Coding for different types of child directed speech

Instructions for tagging different types of child-directed speech. These instructions should be used in tandem with the ACLEW tutorials.

Overview

The "child addressee" of an utterance is the child who is being talked to. We are doing this because we are interested in learning more about the properties of speech directed to a target child vs another child. This classification scheme is part of a larger study that examines how child-directed and different types of overheard speech (i.e., adult-directed vs other child-directed speech) supports early language development.

Every utterance marked as "C" on every xds@SPEAKER tier will be copied to a new tier, called cds@SPEAKER. The cds tier type has the following closed vocabulary:

T: speech exclusively directed to the Target child (CHI)
K: Kin, or Kids other than the Target CHI
M: directed to the both the Target child and other kid(s)
X: Uncertain child directed speech

Coders are encouraged to use two types of information in making a decision about who the child addressee is:

1) contextual information, like what is said, the use of someone's name, the conversation topic, if the addressee responded to what was said.

2) recognizable acoustic markers or prosodic markers. The target infants in the SEEDLinGs corpus are between the ages of 6 and 17 mos. For this, we are transcribing files for a subset of SEEDLinGs infants who have an sibling in their household. The siblings are, on average, 4.8 years older than the target child (range: 0-12 years of age). Thus, compared to the acoustic markers for siblings, recognize acoustic markers for the target child can include higher-pitched voices, sing-song like intonation, simpler speech, and diminutives.

Addressee coding

Target child only (T)

code the cds tier as T when the target child is the exclusive addressee of the utterance. One type of information that you can use is the loudness of speech. If it sounds like the talker is speaking directly to the microphone, then the addressee is most likely the target child.

Other child (K)

code the cds tier as K when an utterance is addressed to a non-target child. Sometimes there are clear clues that indicate the speech is addressed to a non-target child. For instance, utterances addressed to an older sibling are typically longer, and have less variation in pitch. Other features of speech addressed to another child, particularly an older sibling, might include discussing past or future events, asking open-ended questions, or instructing the child to do something. Additionally, if there is a clear back and forth conversation between a speaker and the other child(ren), you can assume the intended recipient of the utterance is the other child.

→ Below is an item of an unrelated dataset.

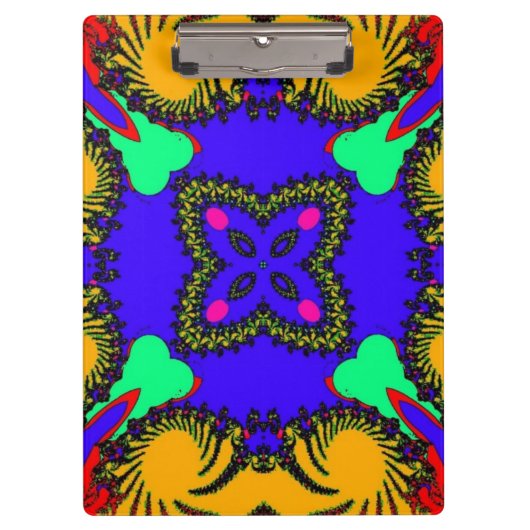 Porte-bloc Porte - bloc Kaleidoscope (Devant)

Both target child and other child(ren) (M)

code the cds tier as M when an utterance is addressed to both the target child and other child(ren). Sometimes there is a clear setting that both speaker types are being addressed (e.g., "are you guys hungry"). Other times, it is harder to decide who an utterance is meant for when there are a mix of children. Ask yourself how many children are participating in an interaction. If both children are participating in an interaction, you can assume that the speech is being address to "multiple" as simultaneously. For example, if two children are bickering and an speaker asks, what happened, you can assume that the speech is directed to both children.

Uncertain child directed speech (X)

codes the cds tier as X when no classification can be made. Use this category when the speech is not obviously directed at any child in particular. This category should be used sparingly.

Tips for choosing who the intended child recipient of an utterance is for:

Consider who is in the room. You can use the "Notes and Cast of Characters" doc found in SEEDLinGs subject files to get an idea of who is in the room (**remember: the eaf files are in OvS_subID_subMo format, in which the second code refers to the subject’s seedlings subject ID)
Use contextual cues to determine the topic of conversation and who the conversation might be relevant for.
Consider the the speaker is imitating another speaker or having a back and forth conversation with another speaking.
Use the loudness of the speech. Sometimes (though not always), if the speaker sounds like they are talking directly to the microphone (e.g., the speech is easy to understand), then the intended speaker is the target child. This isn't always a reliable cue, so again, use context in addition to loudness to disambiguate who the intended speaker is.

CDS Training

Getting Started (Round 1)

Go to folder found at: /Volumes/Fas-Phyc-PEB-Lab/OvSpeech/Training/Training_CDS
Inside this folder, create your "coder_XX" folder (replace XX with your initials)
Navigate to this folder: /Volumes/Fas-Phyc-PEB-Lab/OvSpeech/Training/Training_CDS/Training_Templates/Round 1
- Double click to open the eaf file >> File >> Save As >> Save with your initials at the end (e.g. CDS_001_Round1-MI.eaf)
When you open the eaf, you will notice that it has already been transcribed and annotated following the ACLEW guidelines. For this training, we are only focusing on correctly coding for the type of child-directed utterance. Using the "Overview" and "Addressee Coding" section, you will attempt to annotate all utterances marked as "C" on every xds@Speaker tier.
1. First, check if the xds@Speaker tier contains any C's. If it does, we need to add the cds@Speaker tier
2. Go to Tier > Add New Tier...
  1. Tier Name: cds@Speaker (change Speaker to Speaker Tier Name that contains a C; ex: cds@FA1)
  2. Participant: Speaker (e.g., FA1)
  3. Parent Tier: xds@Speaker Tier (e.g., xds@FA1)
  4. Tier Type: cds
  5. Press Add
    Example of information to fill for Add Tier
3. Go to Tier > Copy Annotations from Tier to Tier…
  1. Select the Speaker-xds@Speaker tier >> click "Next"
  2. Select the cds tier as the destination tier
  3. Select "Annotations where the value is" + insert "C"
  4. Select "Treat as regular expression"
  5. Click Finish

During CDS Training (Round 1)

Listen to the sound clip first. Then, listen to each child-directed (C) utterance and a assign it as value of T, K, M, or X.
Frequently save your file progress as you work through coding

After CDS Training (Round 1)

Let Michika know on Slack when you are done
Michika will go through your Round 1 coding and provide feedback as appropriate. Once you get an ok (+ discuss with LMs/one of the senior researchers if needed), move onto Round 2 and 3 using the same steps as Round 1!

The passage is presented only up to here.